I should still have the original branch, if you just want me to force push it back?
@bitprophet ?
Yea looks like the typing updates made github lose its mind. if you can rebase and force-push that'd probably be ideal - you'll probably want to make sure you copy over any type hints from main
to your branch's diff, if there even are any.
From skimming what looks like the two commits actually relevant: my off the cuff thoughts:
stdin_is_bytes=True
or maybe decode_stdin=False
Ah, it looks like I made the changes through Github, not locally. I'll try cherry picking to a new branch.
* however I'm wondering if there's anything cleaner/smarter we can do within the "number of bytes to read" helper instead (per your original 'fix' for this elsewhere)
That's a different issue, so not sure that function has anything to do with this one.

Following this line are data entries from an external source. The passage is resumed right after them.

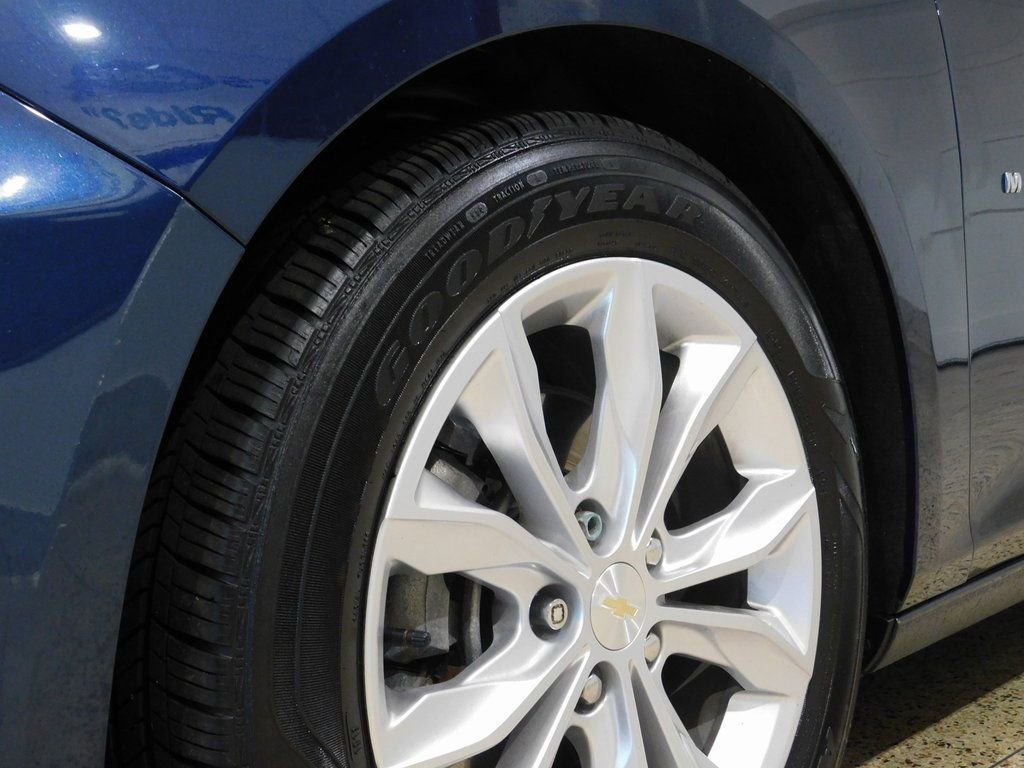 Used 2019 Chevrolet Malibu LT image 22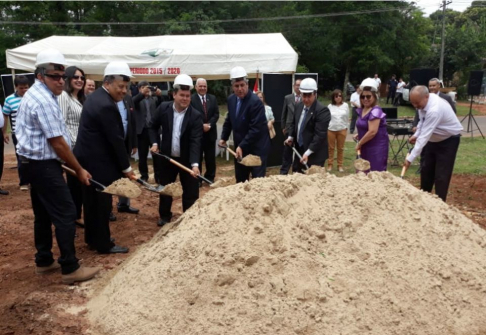 El ministro de la CSJ y Superintendente de la Circunscripción de Cordillera, Dr. Alberto Martínez Simón, asistió a la palada inicial de la obra de construcción del Juzgado de Paz de Altos.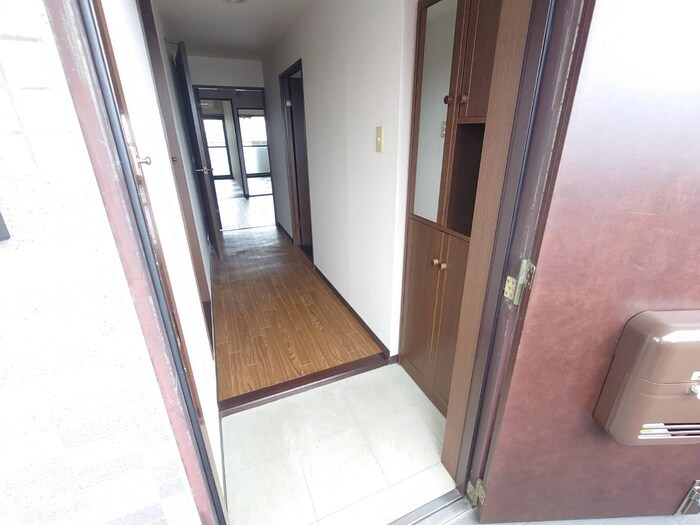 物件内観写真22　(玄関)
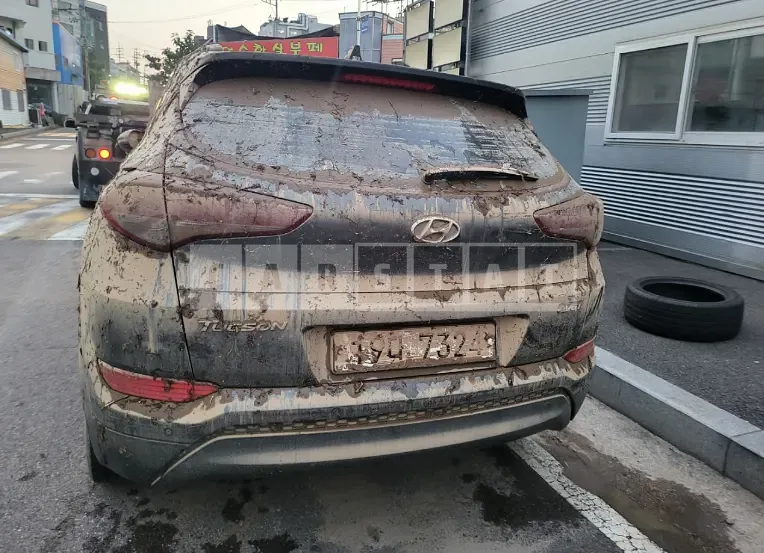 Photo 2 of 7: 2016 Hyundai Tucson, VIN KMHJ3815GGU000596 — Korean insurance auction
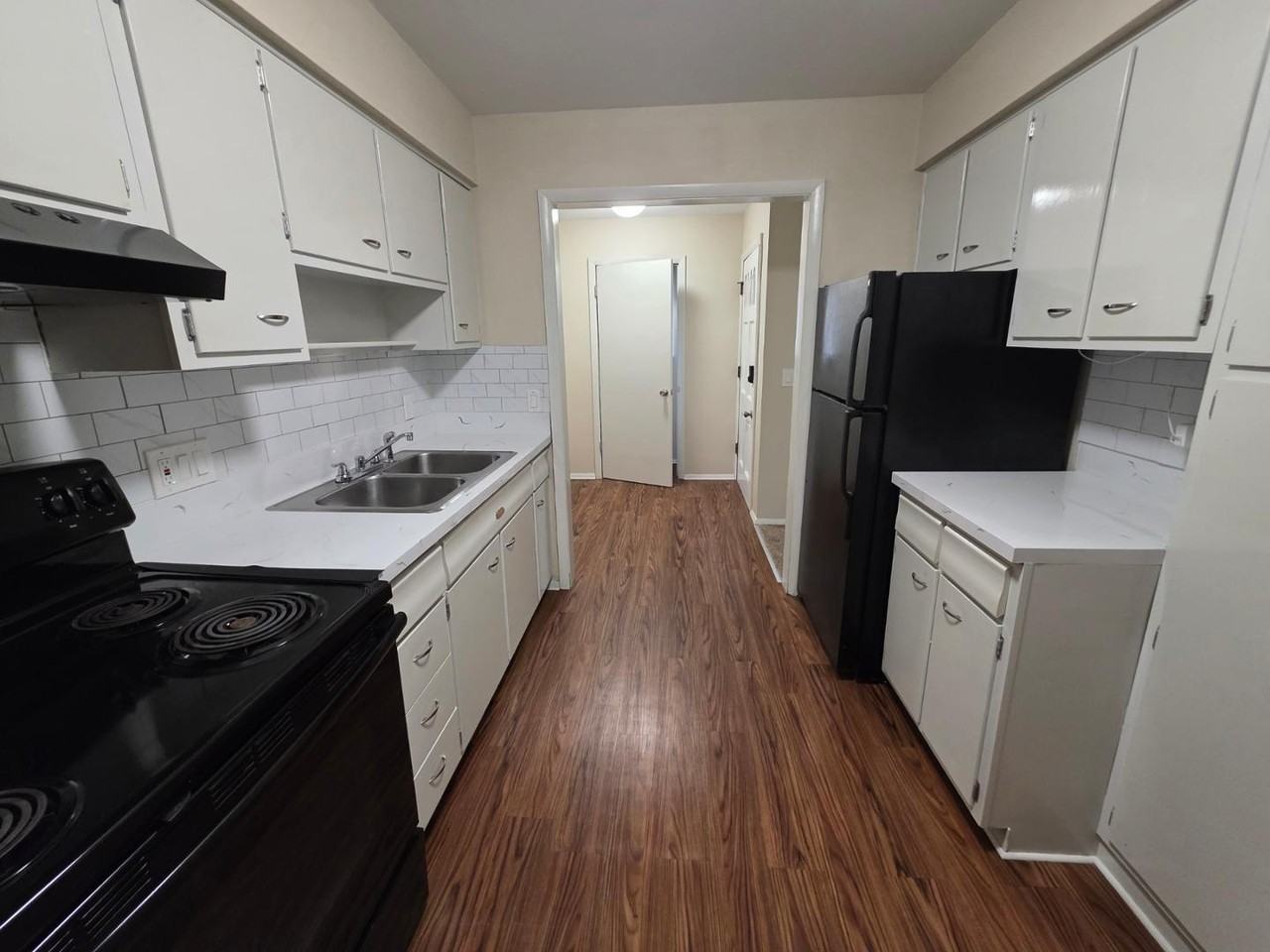 4604 Imperial Dr - Photo 3 of 19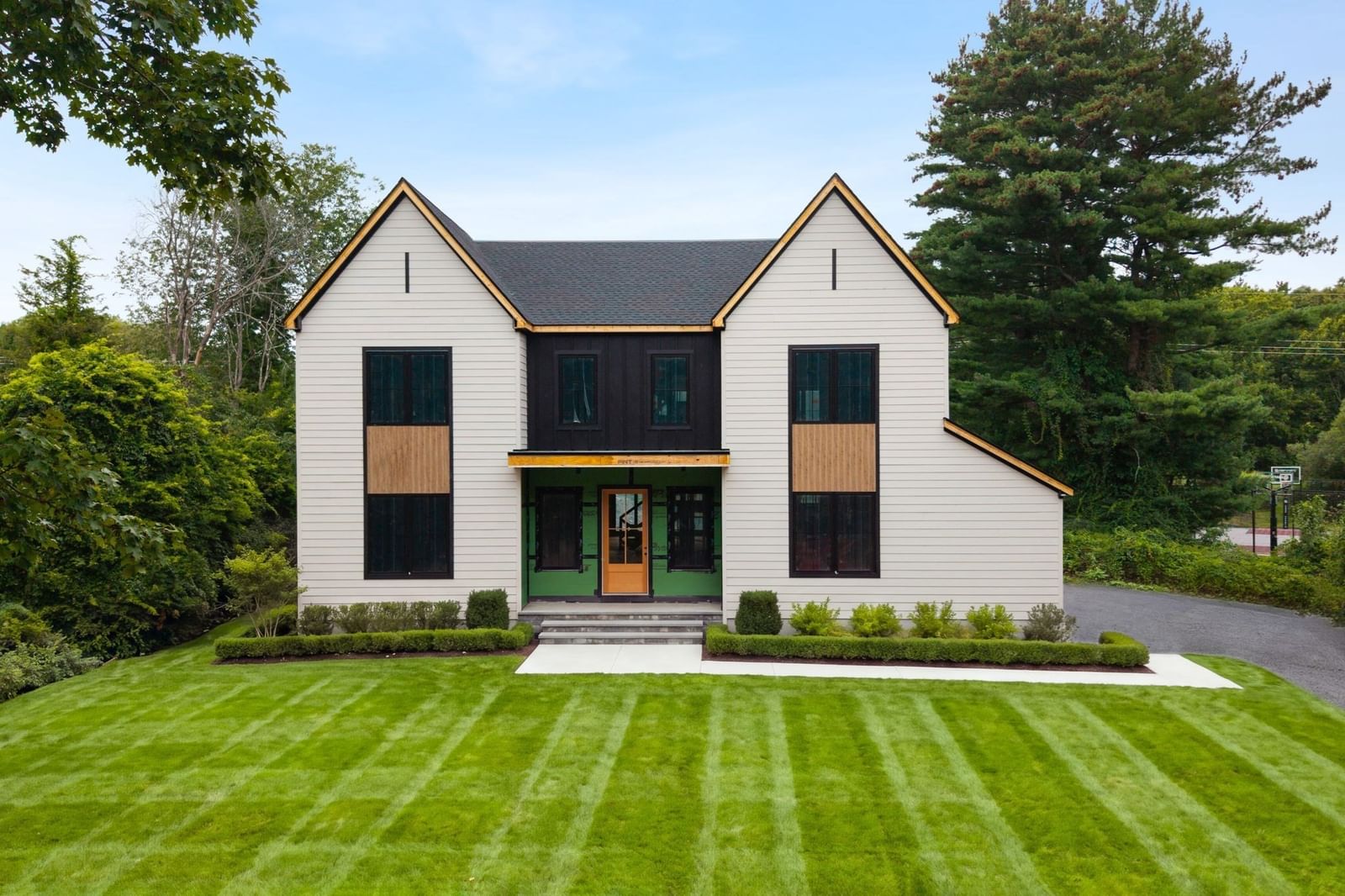 1125 South St Needham — Photo 2 of 8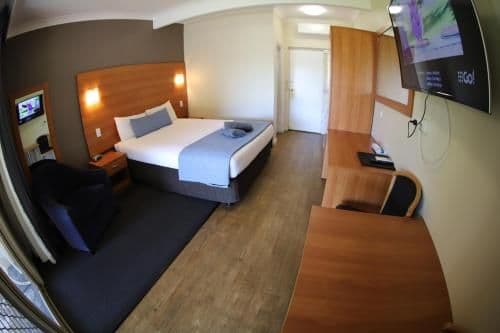 Deluxe Queen Room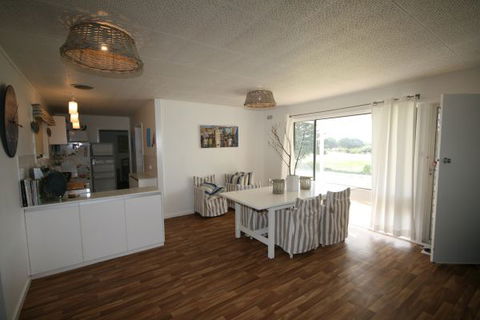 LJ Hooker Goolwa Holiday Rentals - 42 Underwood Avenue, Goolwa Beach - Tourism TAS 8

* or, since the "it's binary, please do not do any edge encoding/decoding" approach is arguably more correct, is there anything smarter we can do to autodetect? * are there approaches other tools use when handling unknown stdin? * eg "attempt to decode some reasonable first few bytes as if it was $configured_encoding, and if this fails, fallback to assuming binary"?
To be honest, I never fully understood the reason for decoding to a str and back again. So, you'll probably just have to make a decision on this one.
The only related thing I can think of is charset-normalizer, which can guess the encoding used. I'm still not sure I'd use it to try and detect if something is binary or not though. It's always going to be an estimate, so you'll likely still have edge cases that cause problems on occasion.
Let me know if you want to continue this way, and I'll sort out the typing. It'll be a little tricky now, as the data being passed around is str | bytes
and we're detecting it based on an option, rather than an isinstance() check.
Fixes #818.